> **PROBLEM REQUIREMENTS**:
Copy exactly the lines of the records below, and only those lines, beginning with the line that contains "Living room, Bed" and ending with the line that contains "Image of Oak".

----

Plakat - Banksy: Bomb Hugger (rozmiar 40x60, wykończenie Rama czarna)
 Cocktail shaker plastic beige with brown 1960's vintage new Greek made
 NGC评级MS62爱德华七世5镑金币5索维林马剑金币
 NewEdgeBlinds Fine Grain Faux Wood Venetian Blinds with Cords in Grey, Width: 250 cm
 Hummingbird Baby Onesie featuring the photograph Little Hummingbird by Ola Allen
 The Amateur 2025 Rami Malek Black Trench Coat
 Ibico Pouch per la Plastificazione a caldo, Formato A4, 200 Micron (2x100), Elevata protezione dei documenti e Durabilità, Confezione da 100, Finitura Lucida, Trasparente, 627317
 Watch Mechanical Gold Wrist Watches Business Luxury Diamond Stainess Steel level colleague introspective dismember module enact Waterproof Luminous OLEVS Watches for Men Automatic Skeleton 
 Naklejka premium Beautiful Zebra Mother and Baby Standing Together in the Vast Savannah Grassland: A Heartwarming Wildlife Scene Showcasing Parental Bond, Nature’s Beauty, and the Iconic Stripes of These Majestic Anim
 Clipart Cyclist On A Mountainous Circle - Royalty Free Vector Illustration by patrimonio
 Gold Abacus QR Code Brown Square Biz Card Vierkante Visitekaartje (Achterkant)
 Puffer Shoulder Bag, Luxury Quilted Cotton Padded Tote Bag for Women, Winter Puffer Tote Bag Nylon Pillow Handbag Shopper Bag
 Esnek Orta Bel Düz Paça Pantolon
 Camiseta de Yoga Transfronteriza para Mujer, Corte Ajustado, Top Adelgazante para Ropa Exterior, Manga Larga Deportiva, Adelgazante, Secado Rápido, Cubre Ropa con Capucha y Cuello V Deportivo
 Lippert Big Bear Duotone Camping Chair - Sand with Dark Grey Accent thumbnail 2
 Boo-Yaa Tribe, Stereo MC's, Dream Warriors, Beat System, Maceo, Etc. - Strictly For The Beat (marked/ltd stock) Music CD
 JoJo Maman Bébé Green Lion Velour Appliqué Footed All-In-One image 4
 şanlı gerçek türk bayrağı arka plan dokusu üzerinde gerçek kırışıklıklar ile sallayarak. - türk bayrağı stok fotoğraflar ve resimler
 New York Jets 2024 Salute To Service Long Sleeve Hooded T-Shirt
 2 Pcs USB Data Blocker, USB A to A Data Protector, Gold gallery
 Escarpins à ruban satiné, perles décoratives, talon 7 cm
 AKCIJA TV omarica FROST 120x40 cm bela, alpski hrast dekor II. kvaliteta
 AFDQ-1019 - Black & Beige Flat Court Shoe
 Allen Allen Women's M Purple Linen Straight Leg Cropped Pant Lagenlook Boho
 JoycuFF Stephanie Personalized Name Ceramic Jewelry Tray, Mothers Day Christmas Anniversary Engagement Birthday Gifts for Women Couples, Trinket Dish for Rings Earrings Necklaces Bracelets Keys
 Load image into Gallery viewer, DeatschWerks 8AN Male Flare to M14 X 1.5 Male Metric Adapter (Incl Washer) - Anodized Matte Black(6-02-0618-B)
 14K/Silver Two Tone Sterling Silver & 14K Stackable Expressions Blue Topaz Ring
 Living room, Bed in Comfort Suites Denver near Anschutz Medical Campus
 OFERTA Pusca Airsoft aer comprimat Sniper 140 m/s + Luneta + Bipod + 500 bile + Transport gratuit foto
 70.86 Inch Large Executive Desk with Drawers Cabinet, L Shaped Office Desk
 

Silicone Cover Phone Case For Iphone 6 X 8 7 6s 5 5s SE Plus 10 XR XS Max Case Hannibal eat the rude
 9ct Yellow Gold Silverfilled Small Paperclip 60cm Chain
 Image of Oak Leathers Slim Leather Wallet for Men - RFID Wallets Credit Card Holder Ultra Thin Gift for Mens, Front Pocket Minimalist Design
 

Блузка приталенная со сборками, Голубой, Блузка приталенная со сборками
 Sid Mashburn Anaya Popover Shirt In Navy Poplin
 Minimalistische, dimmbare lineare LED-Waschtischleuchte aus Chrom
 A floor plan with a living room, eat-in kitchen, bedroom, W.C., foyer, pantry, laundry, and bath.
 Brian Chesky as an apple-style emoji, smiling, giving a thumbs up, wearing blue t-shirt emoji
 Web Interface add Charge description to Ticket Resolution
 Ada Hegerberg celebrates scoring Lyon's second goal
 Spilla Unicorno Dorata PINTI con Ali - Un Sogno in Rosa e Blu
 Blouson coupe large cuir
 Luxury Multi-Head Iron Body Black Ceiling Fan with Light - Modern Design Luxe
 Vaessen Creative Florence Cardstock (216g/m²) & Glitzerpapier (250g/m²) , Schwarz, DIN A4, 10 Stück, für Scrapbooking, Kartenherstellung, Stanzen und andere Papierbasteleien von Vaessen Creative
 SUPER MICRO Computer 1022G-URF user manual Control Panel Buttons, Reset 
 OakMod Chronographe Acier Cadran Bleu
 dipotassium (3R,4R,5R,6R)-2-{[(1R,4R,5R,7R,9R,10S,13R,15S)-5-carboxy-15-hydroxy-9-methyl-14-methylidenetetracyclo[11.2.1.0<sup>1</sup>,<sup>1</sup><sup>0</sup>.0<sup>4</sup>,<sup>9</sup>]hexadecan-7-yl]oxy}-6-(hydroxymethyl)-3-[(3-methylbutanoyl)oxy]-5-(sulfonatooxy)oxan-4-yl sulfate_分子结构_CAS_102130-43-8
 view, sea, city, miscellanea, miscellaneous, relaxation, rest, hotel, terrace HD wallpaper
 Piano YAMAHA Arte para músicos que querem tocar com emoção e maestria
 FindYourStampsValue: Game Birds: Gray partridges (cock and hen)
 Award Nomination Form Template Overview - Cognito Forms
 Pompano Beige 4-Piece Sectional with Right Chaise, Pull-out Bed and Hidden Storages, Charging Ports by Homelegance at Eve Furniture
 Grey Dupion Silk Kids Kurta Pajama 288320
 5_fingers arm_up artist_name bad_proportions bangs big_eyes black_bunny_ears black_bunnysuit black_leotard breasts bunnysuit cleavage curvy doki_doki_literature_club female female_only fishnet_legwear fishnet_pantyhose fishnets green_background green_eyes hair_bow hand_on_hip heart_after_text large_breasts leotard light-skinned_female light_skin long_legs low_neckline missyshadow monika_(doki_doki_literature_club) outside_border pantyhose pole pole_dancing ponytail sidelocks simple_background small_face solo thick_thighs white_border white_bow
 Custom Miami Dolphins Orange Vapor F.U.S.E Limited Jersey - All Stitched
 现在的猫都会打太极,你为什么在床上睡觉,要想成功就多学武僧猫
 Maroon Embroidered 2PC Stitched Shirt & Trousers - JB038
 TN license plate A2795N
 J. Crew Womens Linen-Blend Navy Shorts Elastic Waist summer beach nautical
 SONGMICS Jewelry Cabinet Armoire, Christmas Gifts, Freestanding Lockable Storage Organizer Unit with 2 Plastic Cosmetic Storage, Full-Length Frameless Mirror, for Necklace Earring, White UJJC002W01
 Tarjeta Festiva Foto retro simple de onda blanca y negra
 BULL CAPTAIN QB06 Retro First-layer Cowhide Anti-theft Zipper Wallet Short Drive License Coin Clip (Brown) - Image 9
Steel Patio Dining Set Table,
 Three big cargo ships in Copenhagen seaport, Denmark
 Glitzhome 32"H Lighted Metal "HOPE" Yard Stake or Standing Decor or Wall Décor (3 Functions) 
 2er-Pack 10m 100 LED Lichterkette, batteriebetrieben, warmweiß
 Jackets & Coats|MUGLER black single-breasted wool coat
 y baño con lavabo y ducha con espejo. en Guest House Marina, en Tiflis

----

> **OUTPUT OF THE TASK**:
 Living room, Bed in Comfort Suites Denver near Anschutz Medical Campus
 OFERTA Pusca Airsoft aer comprimat Sniper 140 m/s + Luneta + Bipod + 500 bile + Transport gratuit foto
 70.86 Inch Large Executive Desk with Drawers Cabinet, L Shaped Office Desk
 

Silicone Cover Phone Case For Iphone 6 X 8 7 6s 5 5s SE Plus 10 XR XS Max Case Hannibal eat the rude
 9ct Yellow Gold Silverfilled Small Paperclip 60cm Chain
 Image of Oak Leathers Slim Leather Wallet for Men - RFID Wallets Credit Card Holder Ultra Thin Gift for Mens, Front Pocket Minimalist Design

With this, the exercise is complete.